▶ [Activity]: Output exactly, and only, the lines below from the one with "Sac seau blanc" down to the one with "Powder Room Photo". Include both end lines and no pictures.

▶ [Data section]:
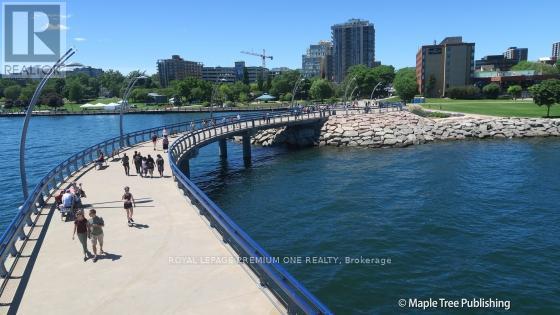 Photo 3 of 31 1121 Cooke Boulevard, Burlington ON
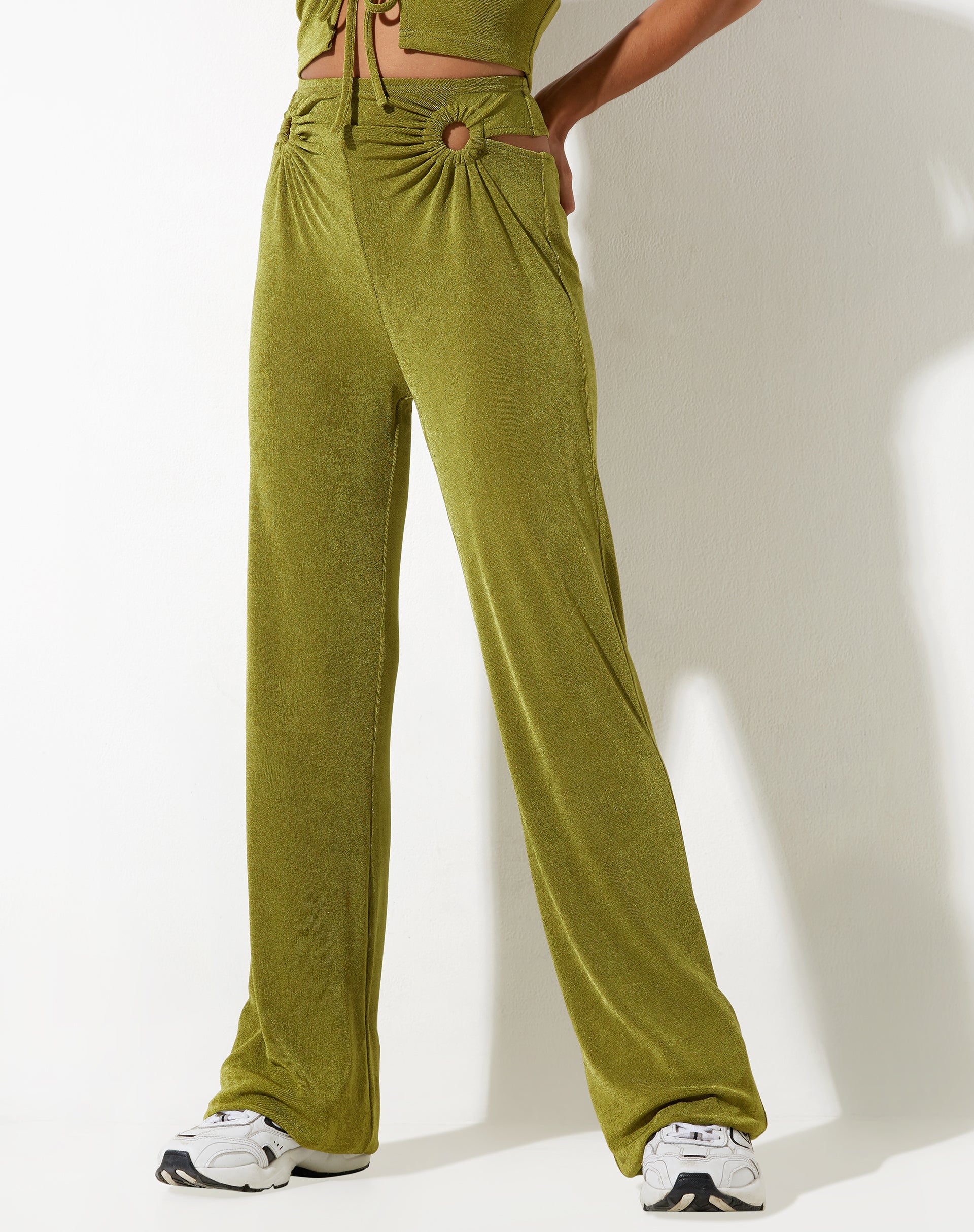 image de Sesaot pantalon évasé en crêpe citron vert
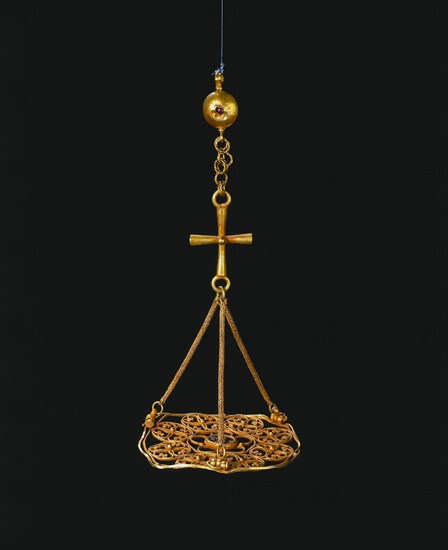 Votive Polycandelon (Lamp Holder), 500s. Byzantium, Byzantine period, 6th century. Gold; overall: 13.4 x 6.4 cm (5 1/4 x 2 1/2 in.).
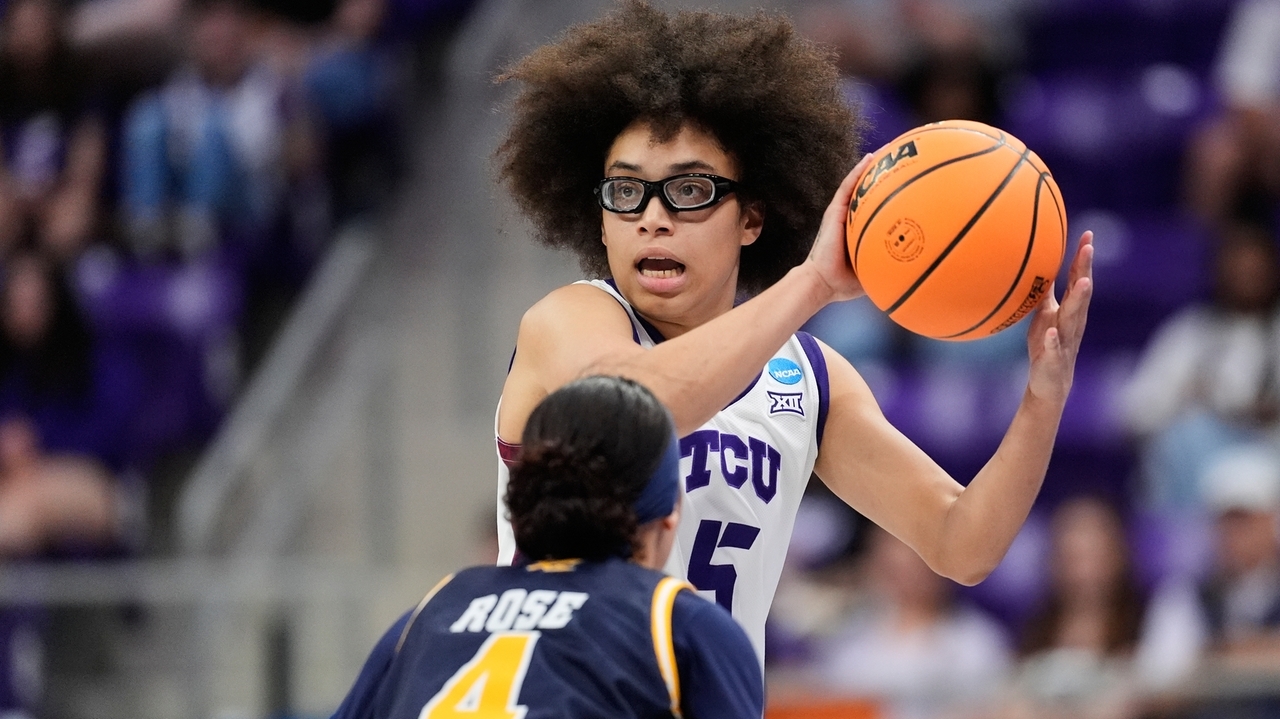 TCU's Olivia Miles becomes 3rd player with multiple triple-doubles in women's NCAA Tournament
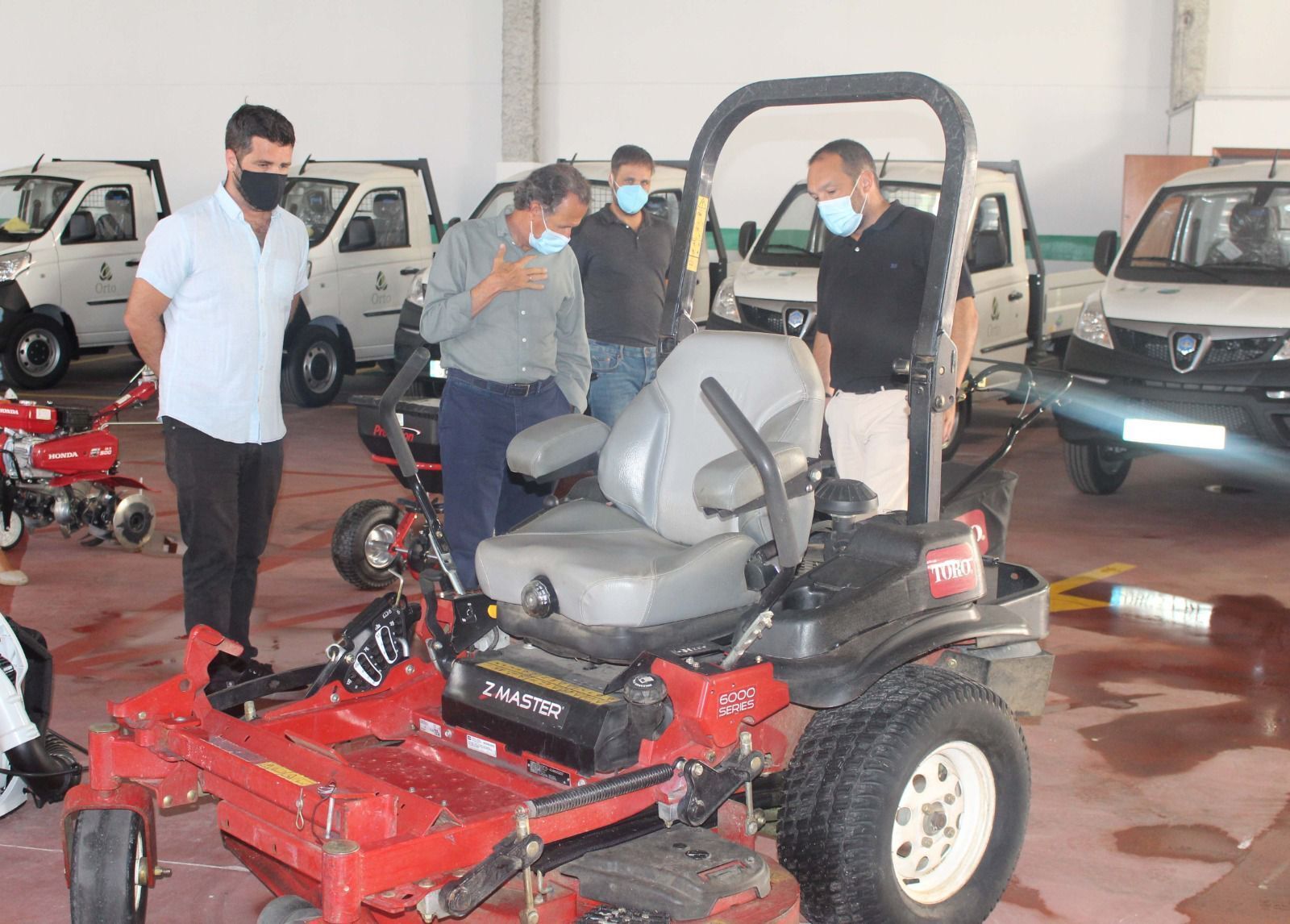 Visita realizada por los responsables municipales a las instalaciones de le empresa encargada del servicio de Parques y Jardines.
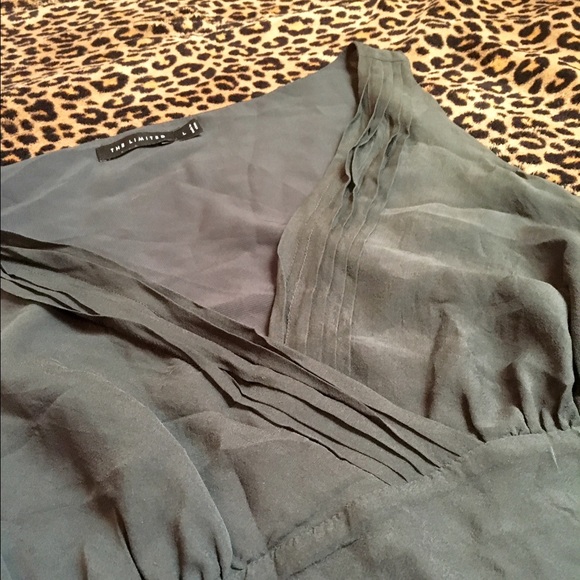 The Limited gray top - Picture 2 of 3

--

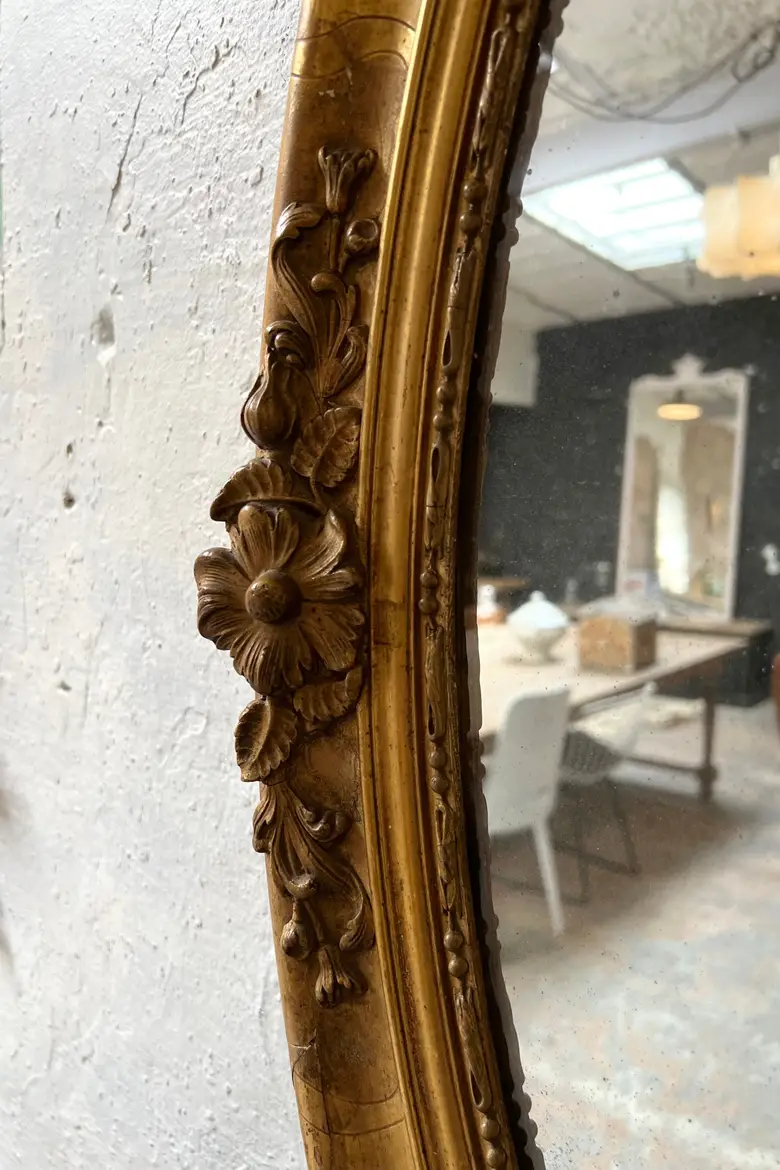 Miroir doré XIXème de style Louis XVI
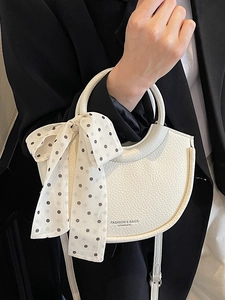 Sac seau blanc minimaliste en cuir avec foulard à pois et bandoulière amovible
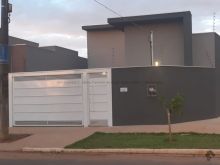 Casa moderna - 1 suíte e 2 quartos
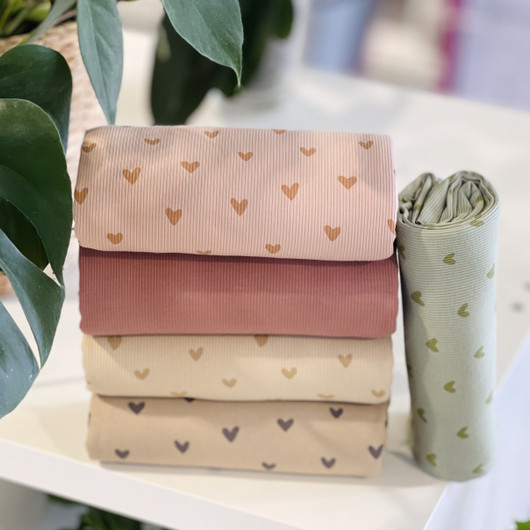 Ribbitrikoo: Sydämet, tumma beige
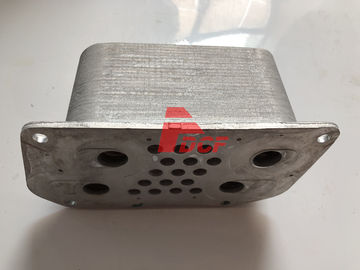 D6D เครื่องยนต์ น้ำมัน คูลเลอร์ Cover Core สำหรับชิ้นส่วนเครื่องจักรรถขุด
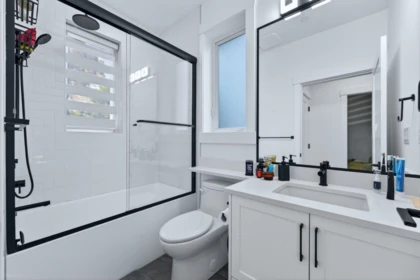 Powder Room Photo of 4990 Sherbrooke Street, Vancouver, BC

▶ [Expected answer]:
 Sac seau blanc minimaliste en cuir avec foulard à pois et bandoulière amovible
 Casa moderna - 1 suíte e 2 quartos
 Ribbitrikoo: Sydämet, tumma beige
 D6D เครื่องยนต์ น้ำมัน คูลเลอร์ Cover Core สำหรับชิ้นส่วนเครื่องจักรรถขุด
 Powder Room Photo of 4990 Sherbrooke Street, Vancouver, BC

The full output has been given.